Tyler Durden's picture

While the LTRO was heralded as a success for a month or so with the implicit money-printing-and-sovereign-reacharounds involved at the cost of senior unsecured bondholders, the sad reality is that not only are the effects of LTRO now almost entirely gone in both sovereign and financial funding costs but the massive 'injection' of freshly printed encumbrance did nothing for the real economy. In fact, as Barclays notes in these charts from the ECB bank lending survey, not only is demand weaker for credit (i.e. the consumer is pulling back in classic balance sheet recessionary style) but the banks themselves are tightening credit conditions (reducing supply) - the exact opposite of what the ECB had in mind. There is one exception to this vicious cycle - German real estate loan demand picked up modestly - we assume reflecting their flat housing market for the last 15 years and extremely low rates). Oh well, we are sure the next ECB action will be different in its banking reaction.

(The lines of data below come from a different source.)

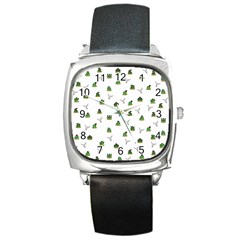 Cactus Pattern Square Metal Watch by Valentinaart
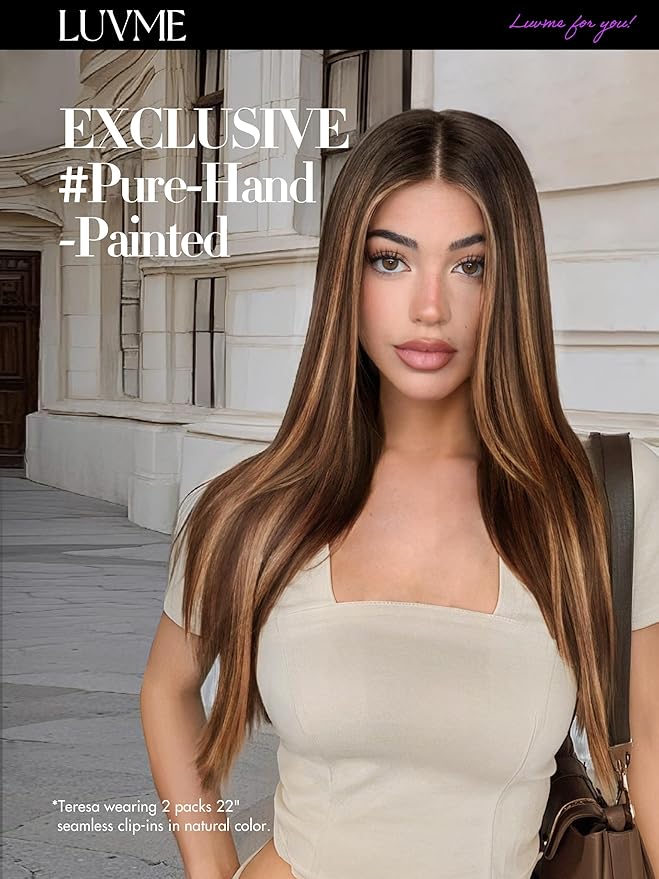 LUVME Straight Seamless 110g 7Pcs Clip in Hair Extensions Full Max with 16inch Remy Human Hair Extensions, Highlight Color 100% Real Soft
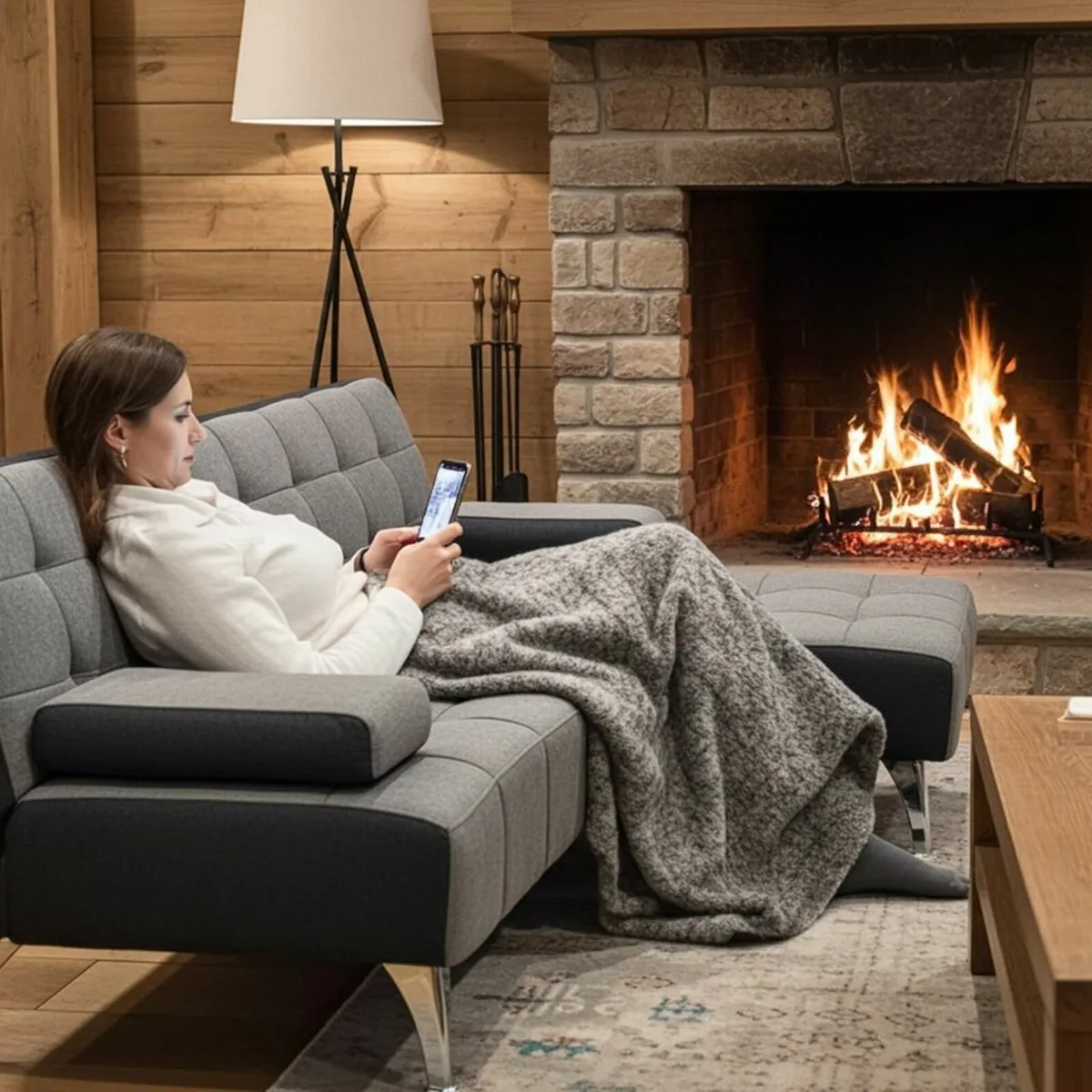 DARK GREY fabric Sofa Bed with Chaise and Cushions - Image 1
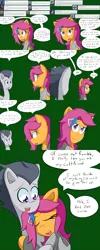 Size: 1600x4000 | Tagged: safe, artist:jake heritagu, derpibooru import, rumble, scootaloo, pony, comic:ask motherly scootaloo, ask, blushing, comic, female, hairpin, hug, male, motherly scootaloo, rumbloo, shipping, straight, sweatshirt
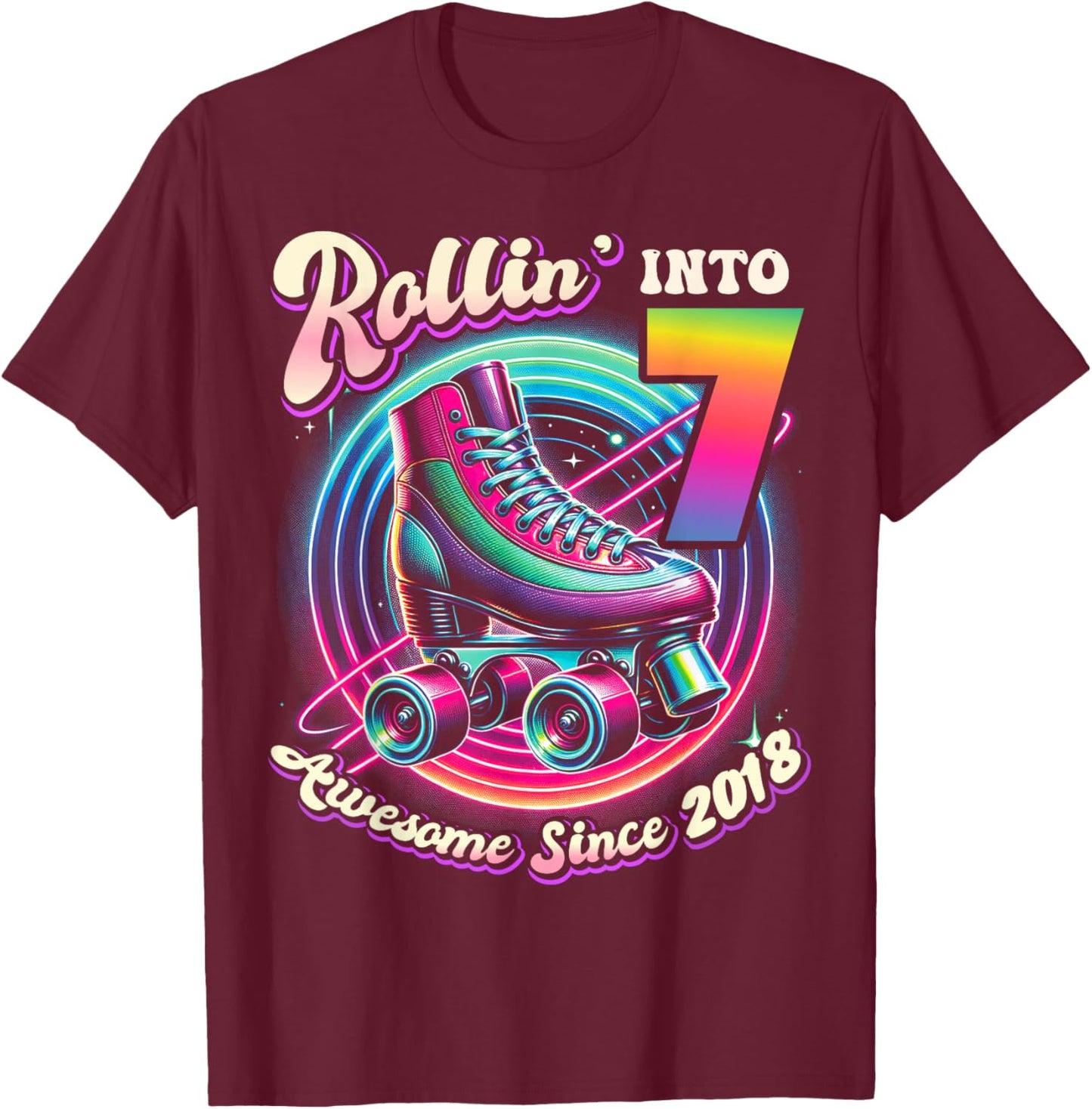 Birthday Roller Skating 7th Girls Rollin into 7 Skate Party T-Shirt - T-Shirt | Maroon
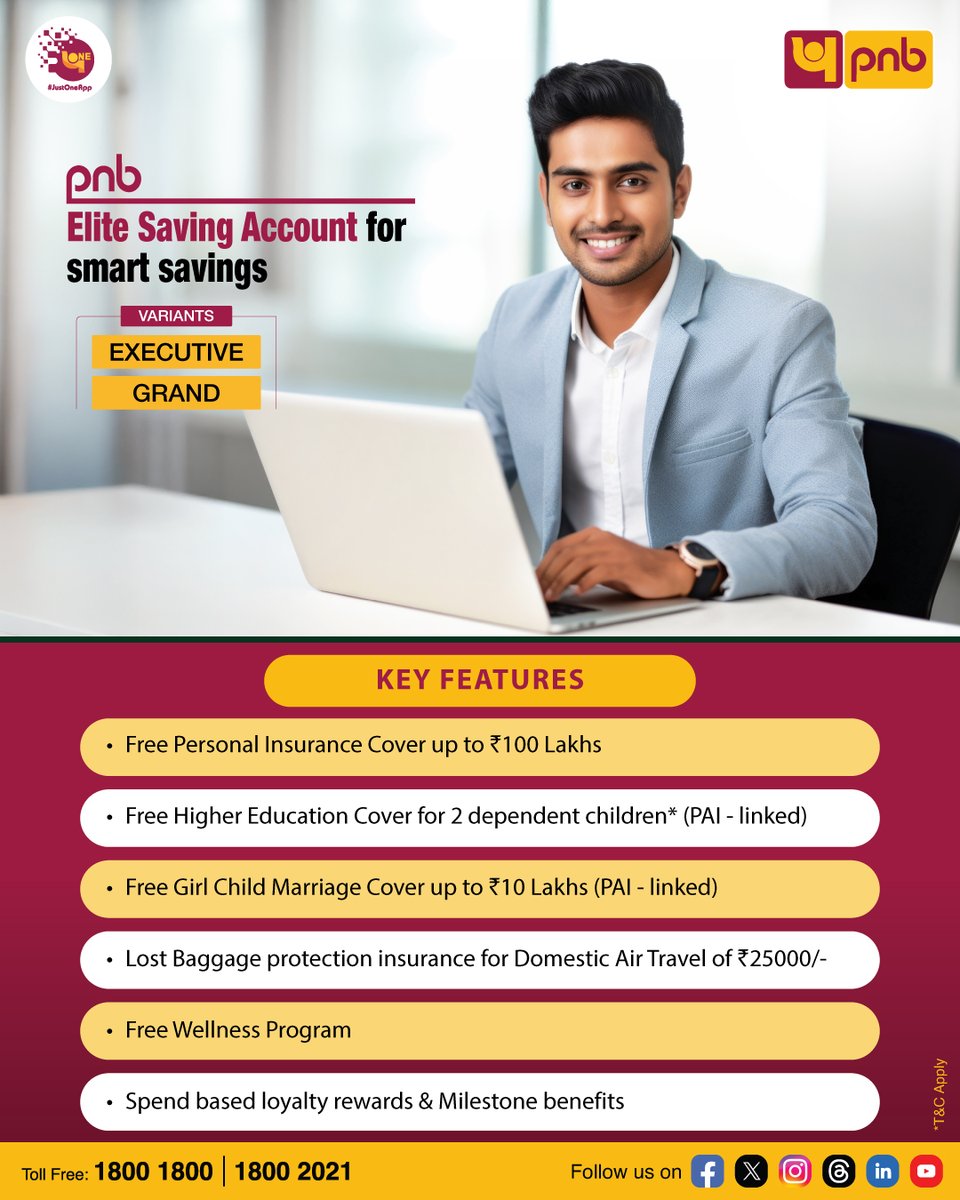 pnbindia's tweet photo. Launched on the 131st Foundation Day, PNB's Elite Savings Account scheme is tailored to elevate your banking experience.

Check out the exclusive variants at https://t.co/Hf4rEIfUie

#NewLaunch #SavingsAccount #AvailNow #Banking #PNB https://t.co/dkMvfQJkmC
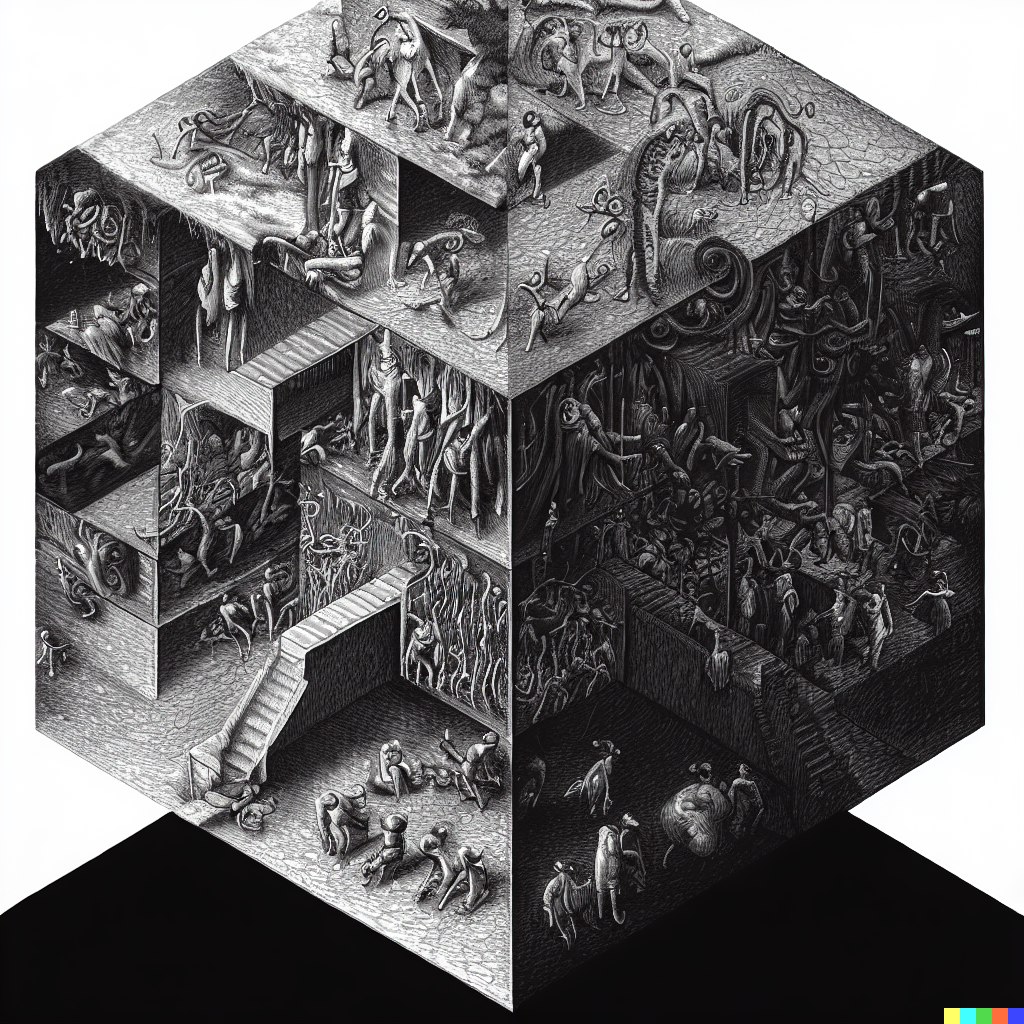 DALL·E 2023-06-26 12.28.50 – the 9 circles of hell by gustave dore compressed into a 1 meter isometric cube by moebius Zdzisław Beksiński Escher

Credit conditions, for enterprises and during the past three months, continued to tighten appreciably in Cyprus, Italy and Portugal. Weakness in demand for enterprise loans was quite broadly based in April, in Austria, Cyprus, Germany, Spain, the Netherlands and especially Italy (-38% net diffusion balance). As well, weakness in demand for housing loans was also apparent in Austria, Cyprus, Spain, and particularly in Italy (-44%), the Netherlands (-42%) and Portugal (-70%)

Demand is dropping rapidly for Euro (ex Germany)...

and Supply is contracting too for Euro (ex Germany)...

 

Yet more gaping differences between the German cycle and the rest of Europe.